Global stocks shake off fresh Trump tariff threats and populist vote in Italy
Trump tariffs may be headed for substantial dilution
Global stocks shake off fresh Trump tariff threats and populist vote in Italy — The global markets early Monday were thrown off balance by fresh trade threats from President Trump and by the strong showing of populists in Sunday’s Italian election. However, sentiment improved by midmorning and the S&P 500 index on Monday closed the day sharply higher by +1.10%. The Euro Stoxx 50 index closed the day up +0.92%. The Nikkei index on Monday closed -0.66% lower but rallied by +1.9% early Tuesday after seeing Monday’s recovery in the U.S. and European stock markets.
The Italian markets initially took the election news hard with the FTSE MIB stock index initially plunging by -2.1% and posting a new 6-month low. However, the MIB index then recovered and closed near the day’s high, down by only -0.42%. Italy’s 10-year government bond yield rose by as much as +11 bp during the day but then fell back and closed the day only moderately higher by +4 bp at 2.00%. The 10-year Italian bond yield spread over German bunds rose by only +4.3 bp to 135.7 bp, which was a lower spread than seen just last week.
Sunday’s Italian election produced the following preliminary results in the lower house with nearly all of the vote counted: (1) center-right coalition 37.0% (17.4% for the League, 14.0% for Berlusconi’s Forza Italia, and 4.4% for Brothers of Italy, and 1.3% for Us With Italy-UDC), (2) Five Star Movement 32.7%, (3) center-left coalition 22.9% (18.7% for the Democratic Party, 2.6% for More Europe, 0.6% for South Tyrolean People’s Party, 0.5% for Together Italy Europe, and 0.4% for Civic Popular Lorenzin); and (4) 7.5% for other parties.
The markets were a bit alarmed by the strong showing by the populist parties of Five Star (32.7%) and the League (17.4%), which together might have a narrow majority of seats in parliament depending on final election results. The markets would view a coalition between Five Star and the far-right League as the worst possible outcome of the election since both parties are euroskeptics. However, such a coalition is thought to be very unlikely due to the left-right divide in political views combined with the fact that Five Star has said it would refuse to join up with any partners in a coalition government.
The markets were also somewhat alarmed that the League (17.4%) won more votes than Berlusconi’s Forza Italia (14.0%), meaning that League leader Matteo Salvini will likely end up having the first shot at forming a coalition government and would likely be the new prime minister if he can forge a government.

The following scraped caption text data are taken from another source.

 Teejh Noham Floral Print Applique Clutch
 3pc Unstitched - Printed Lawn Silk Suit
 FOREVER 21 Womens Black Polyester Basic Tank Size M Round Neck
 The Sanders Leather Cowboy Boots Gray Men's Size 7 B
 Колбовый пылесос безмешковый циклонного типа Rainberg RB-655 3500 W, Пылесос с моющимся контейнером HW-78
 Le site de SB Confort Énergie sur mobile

The markets were not encouraged by Mr. Salvini’s comments in his news conference on Monday when he claimed to have the first right to form a coalition and thanked French nationalist leader Marine Le Pen for her support. He added, “The common currency system is bound to come to an end. Not because Salvini wants that but because that’s what facts, good sense and the real economy say. So, we want to be prepared when the moment comes.”
Yet the markets took Mr. Salvini’s euroskeptic comments with a grain of salt because he didn’t specifically call for an active effort to pull Italy out of the EU. Moreover, even if he becomes the new prime minister, he will be held in check to some degree by Berlusconi’s more establishment Forza Italia party.

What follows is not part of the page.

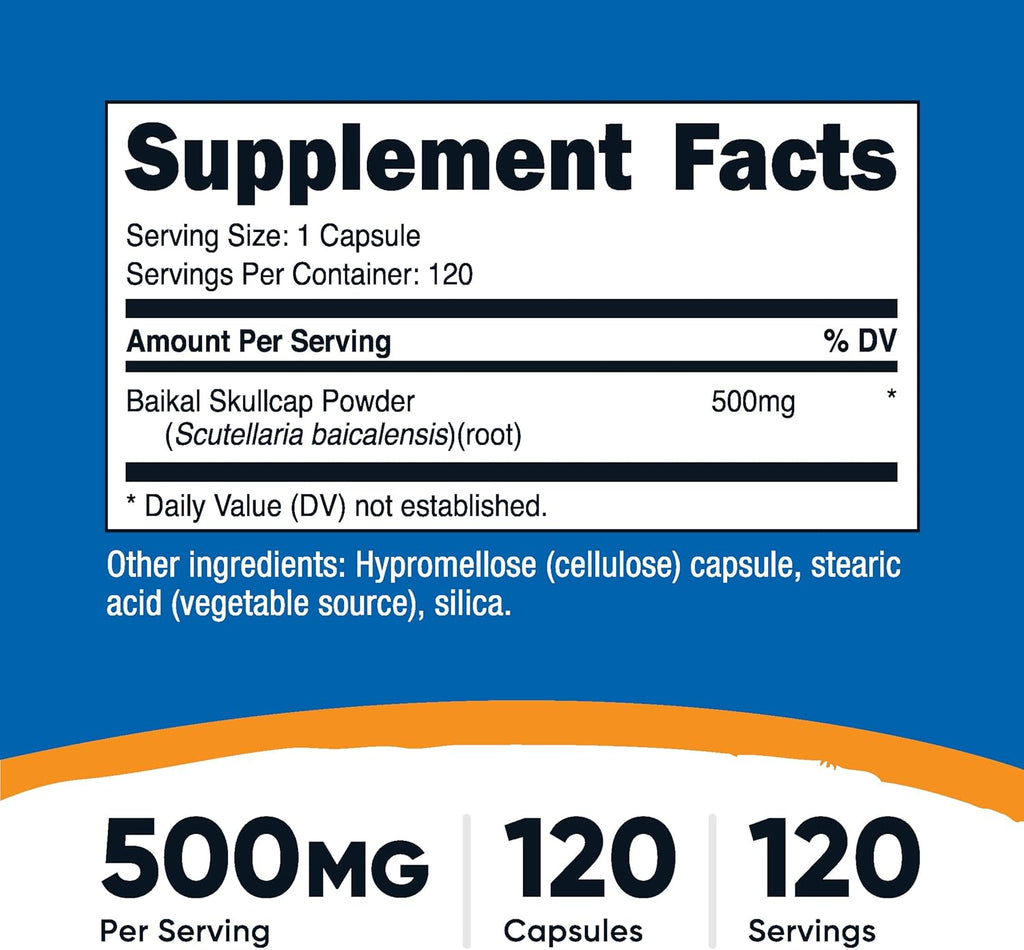 Nutricost Escutelaria Baicalensis 500mg, 120 Cápsulas Vegetales - No Transgénico, Sin Gluten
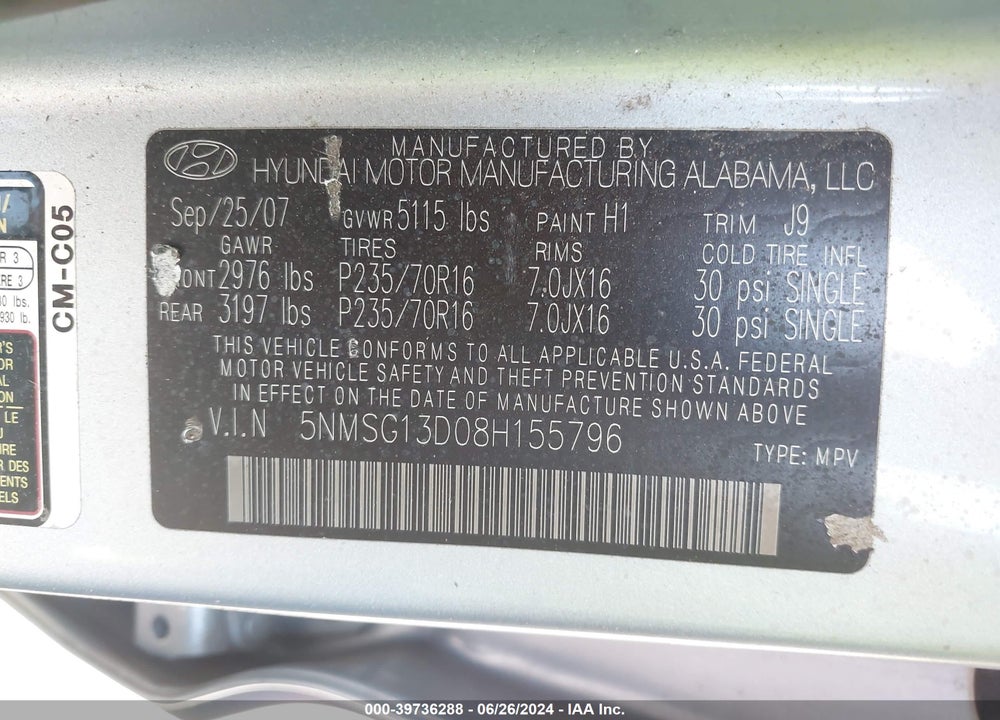 2008 HYUNDAI SANTA FE GLS VIN: 5NMSG13D08H155796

Meanwhile, former Prime Minister Matteo Renzi on Monday resigned as the head of Democratic Party after the party’s poor showing. Mr. Renzi’s resignation was emblematic of the fact that the markets are not likely to see any of the reforms that Italy needs to become more economically competitive and reduce its debt load.

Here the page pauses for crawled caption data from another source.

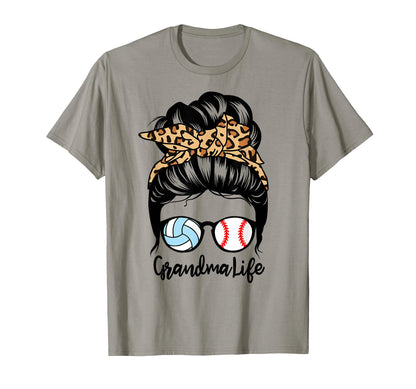 Grandma Life Messy Bun Hair Funny Baseball T-Shirt - Graphic Print Unisex - T-Shirt, Sweatshirt, Hoodie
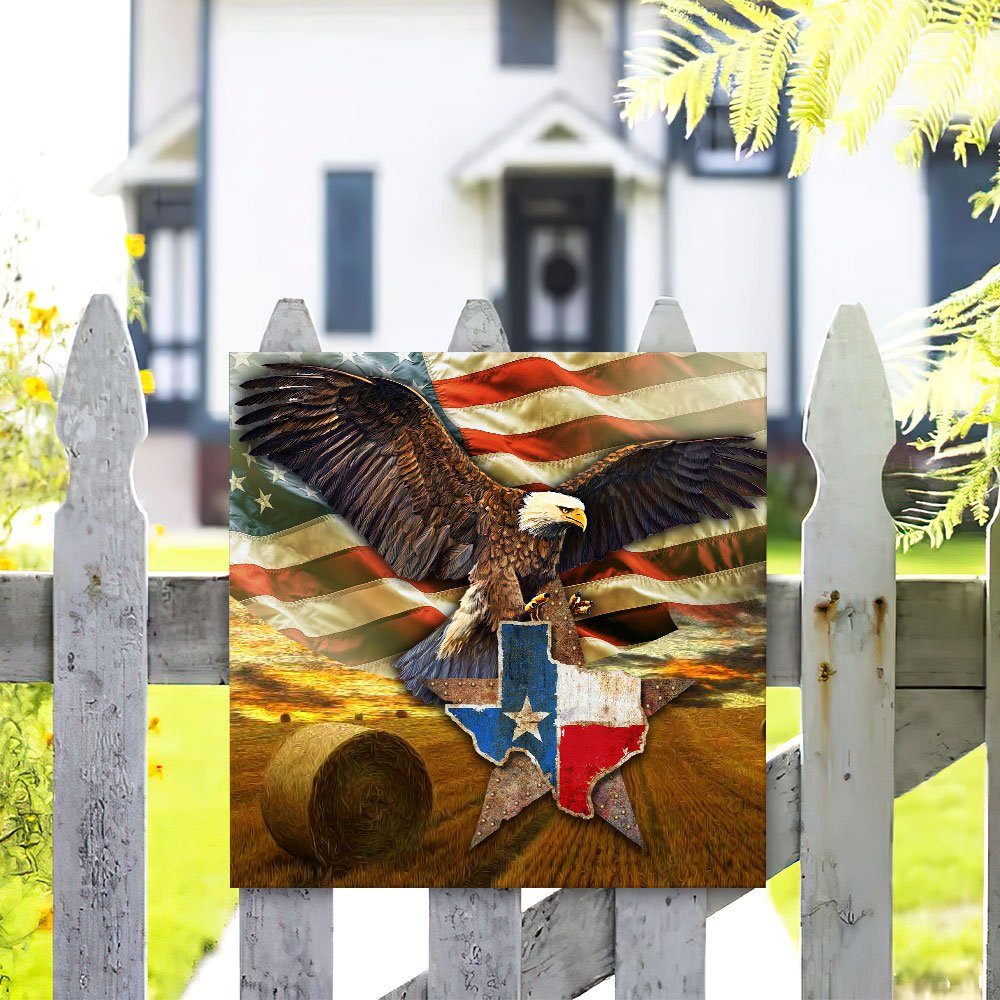 Texas Eagle American Flag Art Multipiece Metal Sign Decor QNK751MMS - Image 6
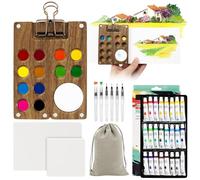 ZOCONE Set di mini acquerelli da viaggio, 24 colori, tavolozza tascabile con 12 griglie, penna ad acquerello, pigmento, album da disegno, borsa in velluto, set portatile per acquerelli, studenti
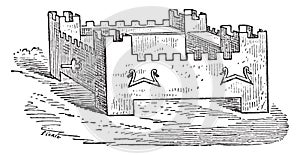 Braising shaped citadel, vintage engraving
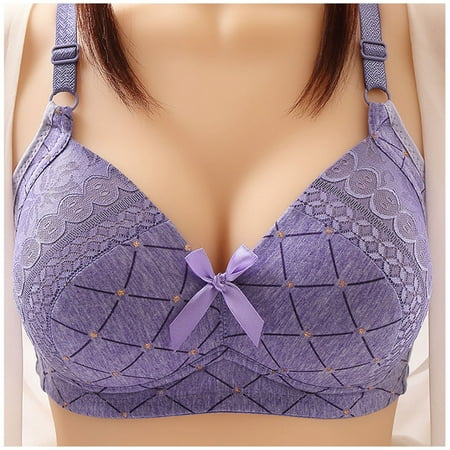 

AIEOTT Wirefree Bras for Women Plus Size Adjustable Shoulder Straps Lace Bra Wirefreee Extra-Elastic Bra Active Yoga Sports Bras 42C/D-48C/D Summer Savings Clearance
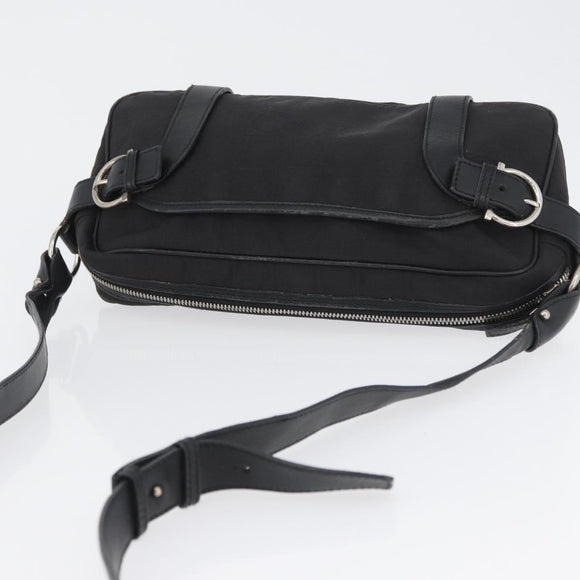 Salvatore Ferragamo Shoulder Bag Canvas Leather Black Silver Auth 173518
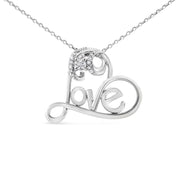 Bids.com .925 Sterling Silver 1/6 Cttw Round Brilliant-Cut Diamond Accented Open Heart with Love 18" Pendant Necklace (H-I Color, I1-I2 Clarity) Necklaces White Smoke White.Sterling Silver / 18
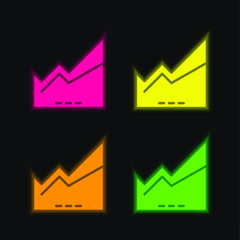 Area Chart four color glowing neon vector icon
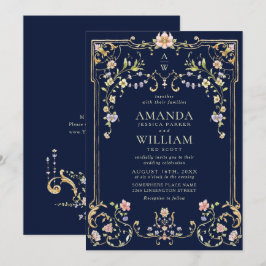 Convites Casamento de Frame Floral, Ornamentado Vitoriano G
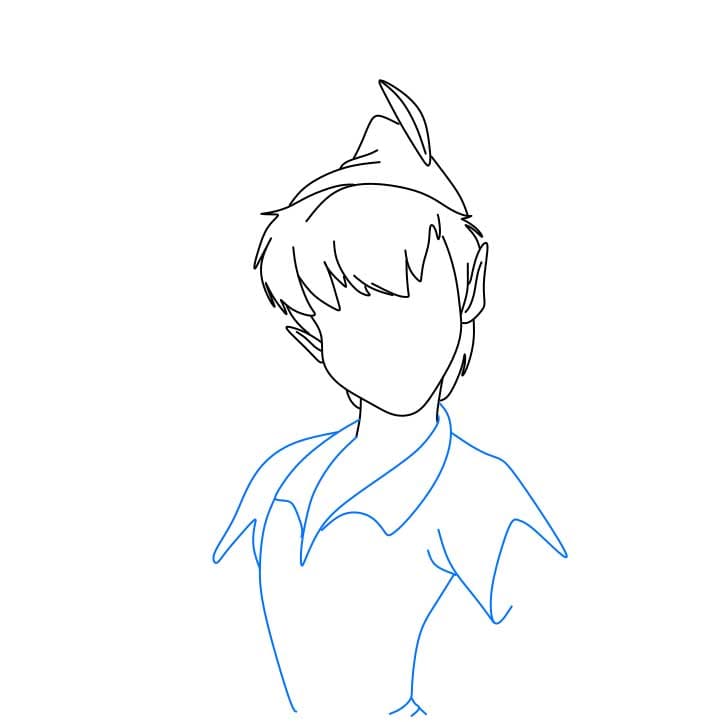 Hướng dẫn vẽ dễ dàng :  nhân vật Peter Pan - Bước 4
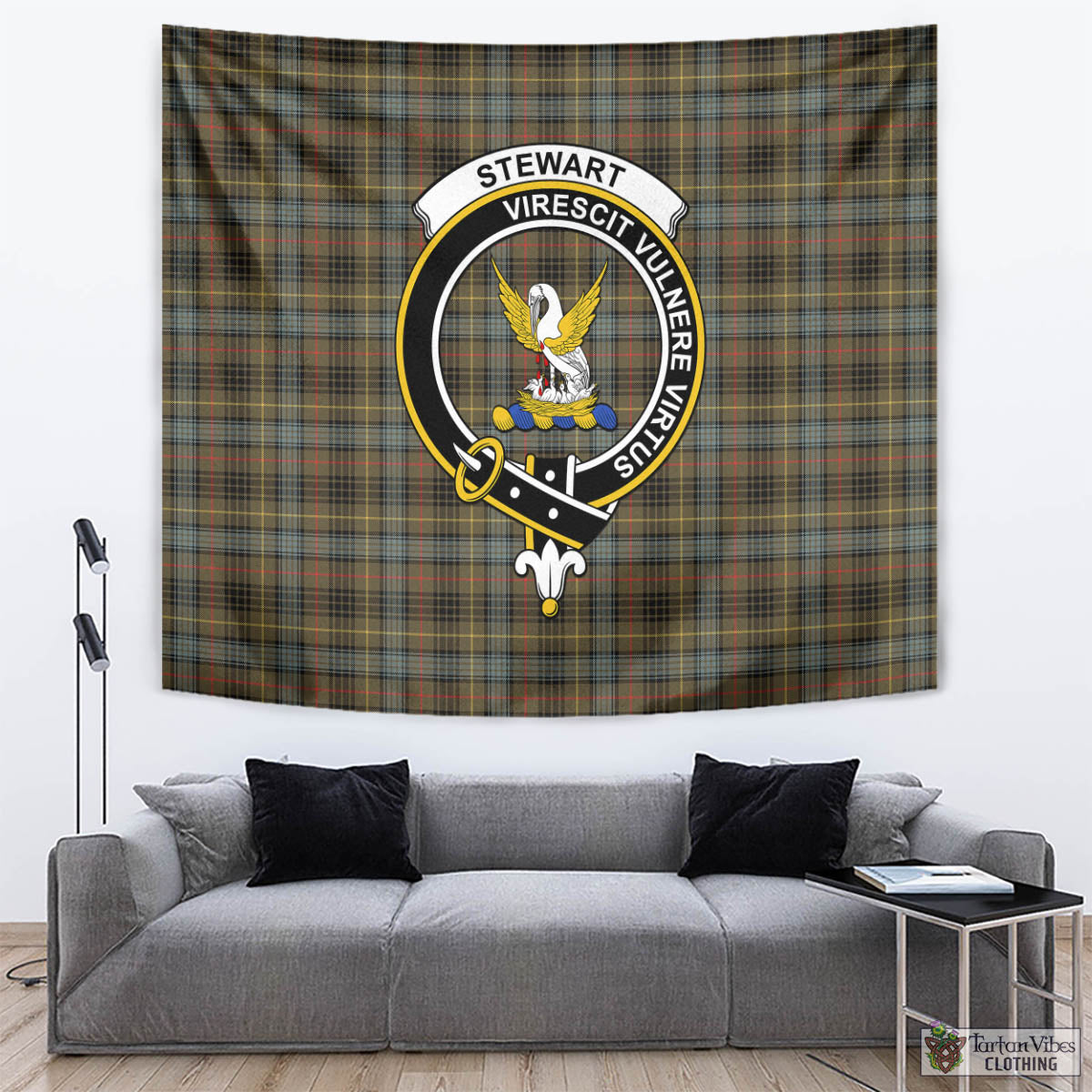 Tartan Vibes Clothing Stewart Hunting Weathered Tartan Tapestry Wall Hanging and Home Decor for Room with Family Crest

There is currently no obvious path forward to a governing coalition since no single group received a majority vote in Sunday’s election. The markets will continue to hope for a center-right/center-left grand coalition that saves the government. However, there are other less favorable permutations and also the possibility of new elections. The only thing that is certain is that the Italy’s government will now be in gridlock for a matter of weeks or months.
On the more positive side, Germany produced a working government just in the nick of time before the Italian election results started to emerge, which was supportive for the euro. EUR/USD on Monday closed the day slightly higher by +0.18%. Germany’s Social Democrats voted in favor of a grand coalition with Chancellor Merkel’s CDU bloc by a comfortable margin. That means that the markets at least have the comfort of knowing that Chancellor Merkel will continue to be the defacto leader of Europe.
rump tariffs may be headed for substantial dilution — Meanwhile, the U.S. on Monday continued to be consumed by President Trump’s announcement last Thursday of tariffs on steel and aluminum. Mr. Trump upped the ante over the weekend by threatening to slap tariffs on European auto exports if Europe retaliates for U.S. steel and aluminum tariffs.
Yet U.S. stocks were able to recover by mid-morning after the market dialed back concerns about a trade war since signs started to emerge that the steel and aluminum tariffs may end up being significantly watered down. Mr. Trump said that he may exempt Canada and Mexico from the metal tariffs if they give him the NAFTA deal he wants. In addition, the administration said that various U.S. industries will be able to apply for relief from the tariffs. The markets were also encouraged when hedge fund manager Ray Dalio made a widely-circulated comment that he believes that the Trump tariffs are “more for political show than for real threatening.”